We have incipient cases of all your social problems. Perhaps not our full share of dependence, but they are gradually increasing. We have our delinquents, our vagrants — the Lumberjack who gets drunk, is hauled into court, fined the amount of money he has left and is then told to leave town. In the next town, he is arrested for stealing a ride on the train and so on. Our penitentiary is full of offenders against property. Our laws were copied from the older states where it was considered a greater crime to offend against property than to destroy human happiness.

Then we have the defective. When all our problems in government and industry are solved we will still have these unfortunate men and women who are destined to always be children and who should be cared for as such. When we have once provided for these, the solution of all other social problems will be much clearer.

In groping around for some way out of our difficulties, we are conscious of a new spirit in the world. We are beginning to tell that the people, all of the people working together, constitute our only hope. We can remember the free democracy, which we saw demonstrated with our freehold inheritance of land. And perhaps underneath the surface, the great movements of democracy — Political, Industrial, and Social — have been formed by the free land and a sense of freedom which it awakens in all. But the rise of Democracy can no longer be localized. It is calmly unaware of racial and national lines.

Each day we feel the question asked why, with our improved means of production resulting in such splendid material products, have we failed to increase the products of human happiness? Is it necessary to have so much poverty, misery, and crime? With these questions, the demands of the people for a controlling voice in their destiny will be impervious. This means we must have democracy in government, in industry, in social life, if we are to have social growth.

The first steps must be taken through education. “Let the people know.” Then they can care for themselves. It is easy to say, “Let the people know”; but it is not so easily done.

The press is the great educator of the masses. We all appreciate that the wealthy minority can control the press. While there is little to fear from an open and candid advocacy, a subtle and anonymous campaign of suppression and misrepresentation may deceive the most discriminating for a time. However, we learn by our mistakes. The lessons learned from activity in public affairs are deeply impressed. Every step that leads to a more direct participation in the affairs of life helps to widen the channels of education.

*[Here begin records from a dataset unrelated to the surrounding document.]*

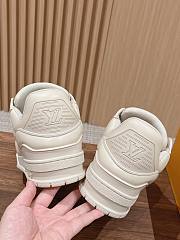 Louis Vuitton LV Trainer White Sneaker - 5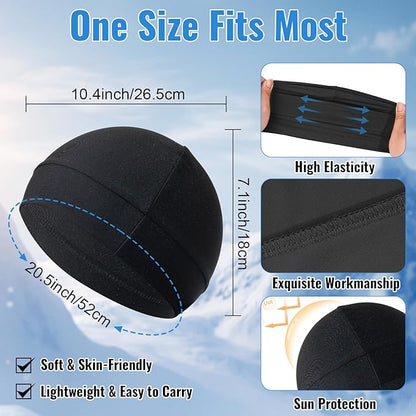 🚴Unisex Multifunctional Skull Caps | Breathable Sporty Cooling Beanie Hat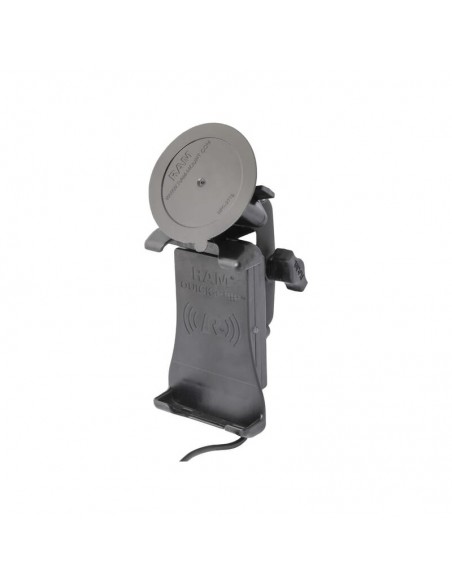 soporte para teléfono con carga y ventosa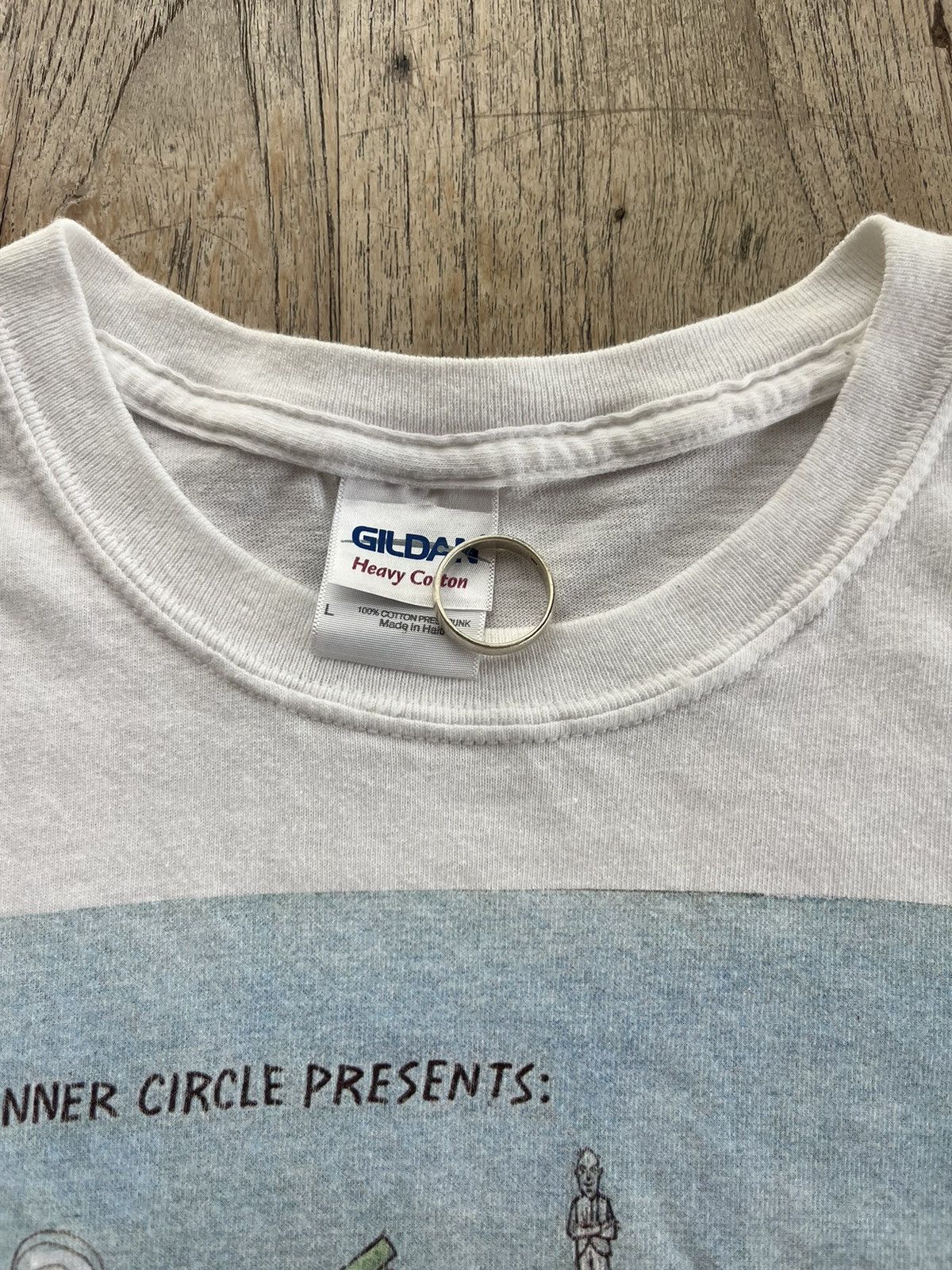 Vintage THE INNER CIRCLE Presents LAST GULP Artwork 2013’s T-shirt Size US L / EU 52-54 / 3 - 4 Thumbnail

The vote is the fundamental device by which we enter directly into political affairs, and its educational value has been its most significant feature. Within the short time that the men of this country have been enfranchised, we have developed the public school system that extends from the kindergarten to the university; and the greatest factor in securing these greater educational facilities has been the extension of suffrage. The ascendant class vaguely realized after giving the illiterate man the vote, they must educate him or he would endanger their institution. With the ballot the new voter was given the power to make effective his demands for education, for himself and his children. And to this must be added the education he receives from exercising his judgment in deciding questions of general welfare for the vast majority of people. Their work is monotonous and self-centered, and the vote is a socializing factor in bringing them into contact with the problems of the outside world. Considering the short time men have had the vote their progress has been remarkable.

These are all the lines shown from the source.